Return each line exactly as written. Begin with the first line of the entries and end with the line that has "Building Photo - 166 S 1st St".

Records from a data source:
■ ■ ■ ■ ■

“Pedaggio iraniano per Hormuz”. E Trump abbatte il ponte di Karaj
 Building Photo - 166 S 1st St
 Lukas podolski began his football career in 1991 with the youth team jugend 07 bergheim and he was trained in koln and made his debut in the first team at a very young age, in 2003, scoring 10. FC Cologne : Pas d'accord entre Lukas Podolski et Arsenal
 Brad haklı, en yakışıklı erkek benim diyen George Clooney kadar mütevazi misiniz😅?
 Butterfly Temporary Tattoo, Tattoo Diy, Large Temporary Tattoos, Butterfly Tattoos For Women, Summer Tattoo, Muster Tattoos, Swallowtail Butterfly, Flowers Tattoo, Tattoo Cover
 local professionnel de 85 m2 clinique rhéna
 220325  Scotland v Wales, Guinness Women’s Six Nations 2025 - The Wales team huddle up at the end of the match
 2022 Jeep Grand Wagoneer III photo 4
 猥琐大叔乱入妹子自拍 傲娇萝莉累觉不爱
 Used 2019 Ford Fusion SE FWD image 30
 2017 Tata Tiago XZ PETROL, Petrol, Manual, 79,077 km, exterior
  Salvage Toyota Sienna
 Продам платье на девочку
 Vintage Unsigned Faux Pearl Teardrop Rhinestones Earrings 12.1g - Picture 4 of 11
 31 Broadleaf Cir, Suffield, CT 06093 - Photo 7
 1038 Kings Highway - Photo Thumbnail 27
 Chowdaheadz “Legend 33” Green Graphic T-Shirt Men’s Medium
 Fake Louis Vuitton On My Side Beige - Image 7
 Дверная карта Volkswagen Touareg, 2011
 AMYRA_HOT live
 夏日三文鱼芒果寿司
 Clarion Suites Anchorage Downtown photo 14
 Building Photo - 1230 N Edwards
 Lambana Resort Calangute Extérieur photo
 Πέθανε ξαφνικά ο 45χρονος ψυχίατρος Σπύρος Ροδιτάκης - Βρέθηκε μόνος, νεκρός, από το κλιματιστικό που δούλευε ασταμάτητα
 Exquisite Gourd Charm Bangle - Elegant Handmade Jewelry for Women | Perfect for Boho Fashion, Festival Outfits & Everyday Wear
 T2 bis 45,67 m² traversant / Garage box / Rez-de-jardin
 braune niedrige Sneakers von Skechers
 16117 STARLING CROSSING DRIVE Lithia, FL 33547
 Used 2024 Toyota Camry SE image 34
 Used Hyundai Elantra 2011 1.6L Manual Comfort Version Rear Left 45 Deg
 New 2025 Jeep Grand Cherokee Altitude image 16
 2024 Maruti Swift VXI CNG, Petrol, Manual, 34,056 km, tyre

■ ■ ■ ■ ■

__Solution__
“Pedaggio iraniano per Hormuz”. E Trump abbatte il ponte di Karaj
 Building Photo - 166 S 1st St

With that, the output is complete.